I understand X/Y... can you explain "mid-side"? I'll do a google search also. Thanks
Midside is as follows...

MS Stereo
-Mid side stereo microphone technique uses one cardioid microphone and one bi-directional microphone. Very good to get a stereo recording and translates well when brought to mono.
-To achieve MS Stereo you would take your bi-directional and split it to the left and right channel. You would then flip the polarity of the signal on the right channel and keep the left channel normal with no phase flip.
-Some boards and certain pieces of gear will have an MS matrix which will flip the phase on the channel needed and sum all your signals properly.


So its a Cardioid Microphone and a Figure 8 patterned microphone. You set them up like this...



The polar pattern of this mic setup looks like this...


Which gives you a pretty nice image.


Ok, this is where it might be a little tricky.
As you can see the cardioid is in the middle, and the figure 8 will be the sides. What you are going to do is split (duplicate) the figure 8 microphone into another channel, panning the 2 channels left and right to make them stereo. But now the two channels will be completely phased, and you will here nothing. This is where you would flip the phase on the right channel using an MS matrix, or a reverse phase patch cable. I know it sounds more complicated than it really is so if you have any questions please just shoot me a pm. But thats it!
 

Jaradc

Member
Messages
124
Sorry for all the responses hah, but ORTF seems to be most guys choices like you implied. Its basically an A-B pair spaced 17cm apart at 110degrees. As always, here is my little chart.

ORTF Stereo
-Office de Radio-diffusion Television Francaise.
-ORTF uses two cardioid microphones spaced 17 cm apart and angled at 110 degrees.
-Much wider image than X-Y.
-Works well when dumped into mono, can result in low frequency loss.
 

loudboy

Member
Messages
27,316
I generally use a spaced pair, maybe 4' apart.

One thing I always do is measure the distance from the middle of the top snare head, to each OH mic and make sure they're the same distance.
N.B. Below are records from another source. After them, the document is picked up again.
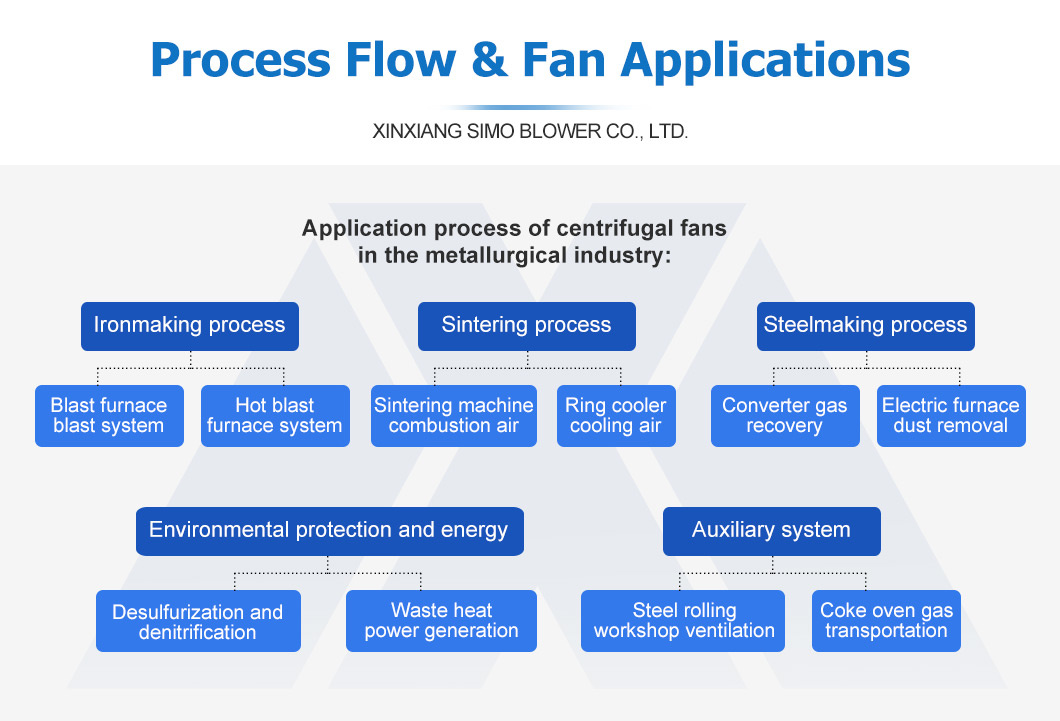 cement industry kiln head exhaust fan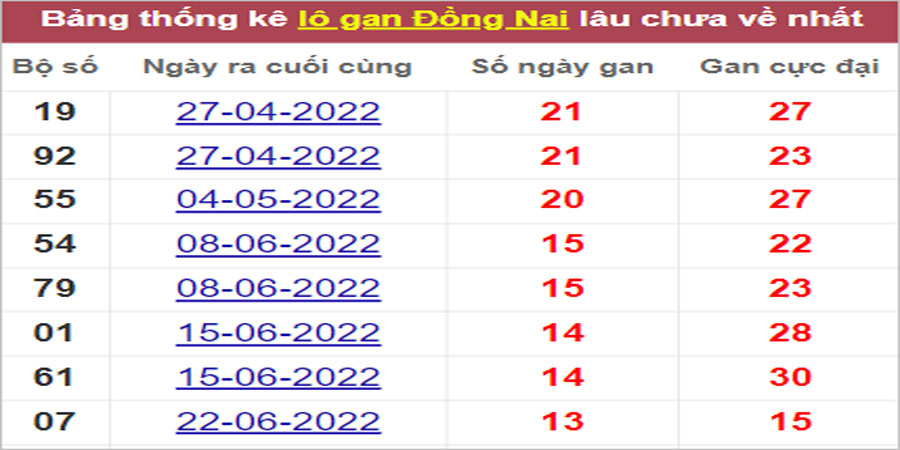 Soi cầu XSMN 28/9/2022, Dự đoán kết quả XSMN ngày 28/9/2022 28 Soi cầu XSMN 28/9/2022, Dự đoán kết quả XSMN ngày 28/9/2022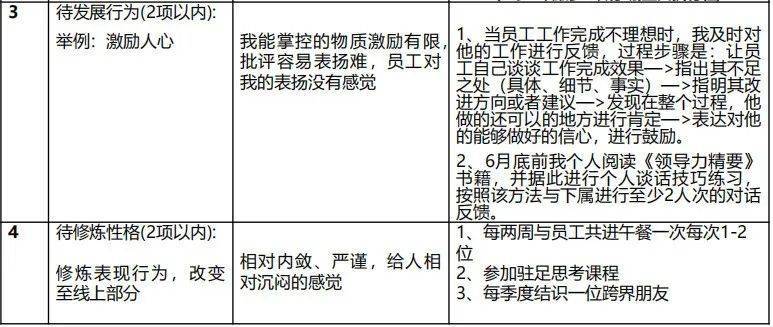 如何構建醫院中高管的個人發展規劃(idp)_能力_分析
This ensures that the snare is in phase, in the OH's.
 

rob2001

Member
Messages
16,929
Thanks so much guys. If I can get my drummer to be patient for a while I really want to work with this info. I think I got a bit lazy on overhead placement and I was just tossing them up there and going for it. Surprisingly enough, that worked out OK for some songs but not so good for others. So I went to the recorderman method and got great results....but not for everything. Our latest song is pushing me to try to get the most from a stereo drum sound. The drum parts lend to it. (at least in my brain!)
 

rob2001

Member
Messages
16,929
I generally use a spaced pair, maybe 4' apart.

One thing I always do is measure the distance from the middle of the top snare head, to each OH mic and make sure they're the same distance. This ensures that the snare is in phase, in the OH's.

4' hey? I've gone maybe 3' max so far with a spaced pair. Do the toms still pick up well? If I went to 4', would it be beneficial to bring in another mic down on the toms? The trouble I seem to get with a spaced pair is tons of cymbals and weak toms. I can, and have added a 5th drum mic but I really like to keep it to 4 tracks. Actually, I might be able to try that again. I got the drummer to back off on the cymbals by cranking the highs and compression on the overs while tracking! Maybe a wide spaced pair is worth another try since I figured out how to get him to shut it down some on the cymbals!